Tasks to implement new version:

#332
Implement a new version of ShuffleWriterExec that can work with a coalesced input of multiple parallel input partitions
Changes to scheduler tracking of shuffle files

Describe the solution you'd like
See https://docs.google.com/document/d/16SIEoniAWKSFt8XKDLsOfRQ0sU--5E9_OIyE42Zj808/edit?usp=sharing

Describe alternatives you've considered

Additional context

Andy Grove · Answer 1 · Wed Feb 08 2023 22:43:09 GMT+0800 (China Standard Time)

@thinkharderdev @yahoNanJing @mingmwang @avantgardnerio Let me know what you think. If this seems like a good idea, I may have some time later this month to try and implement it. I am also happy for someone else to pick this up.

Daniël Heres · Answer 2 · Wed Feb 08 2023 23:01:17 GMT+0800 (China Standard Time)

Sounds like a great idea to me

Andy Grove · Answer 3 · Thu Feb 09 2023 22:06:44 GMT+0800 (China Standard Time)

I ran into some challenges with the proposed design, which I have documented in the Google doc (near the end). Feedback welcome.

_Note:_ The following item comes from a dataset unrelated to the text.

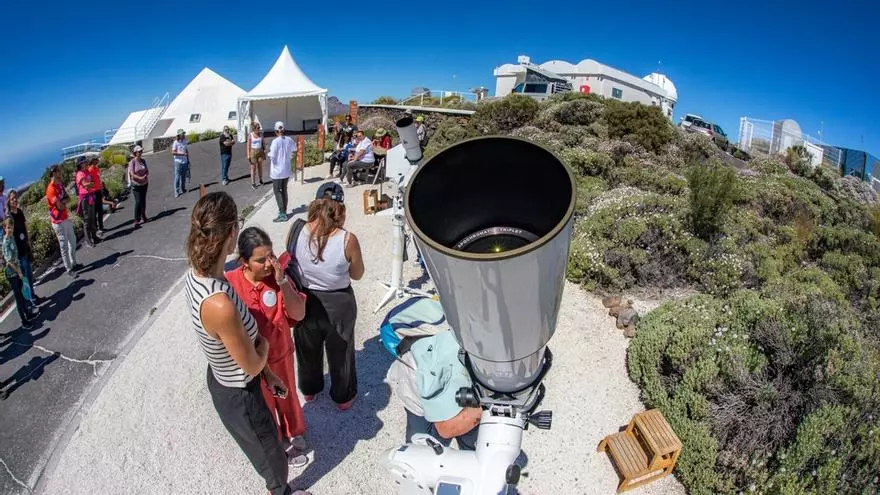 Un día entre telescopios en la cima de España: el Observatorio del Teide recibe a mil personas
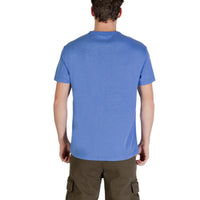 Image 2 : Vue de face du t-shirt Tommy Jeans homme manches courtes bleu azur, détail patch logo brodé sur le côté gauche de la poitrine — Delvale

Daniël Heres · Answer 4 · Thu Feb 09 2023 22:47:22 GMT+0800 (China Standard Time)

I read through it, sounds indeed a bit more simple.

A nice side effect btw of this optimization is that limit on the shufflewriter is also a bit more effective - allowing to quicker terminate the tasks rather than only applying a local limit to each partition.

yahoNanJing · Answer 5 · Wed Feb 15 2023 13:53:46 GMT+0800 (China Standard Time)

Thanks @andygrove for raising the discussion for this topic.

For the second approach, the optimization chance is also limited when tasks of a query stage are assigned to different executors, which is a common case when using the RoundRobin task scheduling policy for load balancing.

Actually, to reduce the shuffle write file, I recommend to use the sort-based shuffle writer used in Spark https://issues.apache.org/jira/browse/SPARK-2045. Then for each original ShuffleWriterExec, there will be only 2 output files rather than N files for its downside stage. One file for shuffling data with concatenating all of the output partition data, and the other one for the indexes of each partition's offset in the data file.

An intuitive graph can be find here, https://github.com/blaze-init/blaze/blob/master/dev/doc/architectural_overview.md.

Hi @yjshen, could you share your opinions?

Andy Grove · Answer 6 · Mon Feb 20 2023 02:32:03 GMT+0800 (China Standard Time)

This sounds great @yahoNanJing. I would also like to hear if @yjshen has an opinion on this.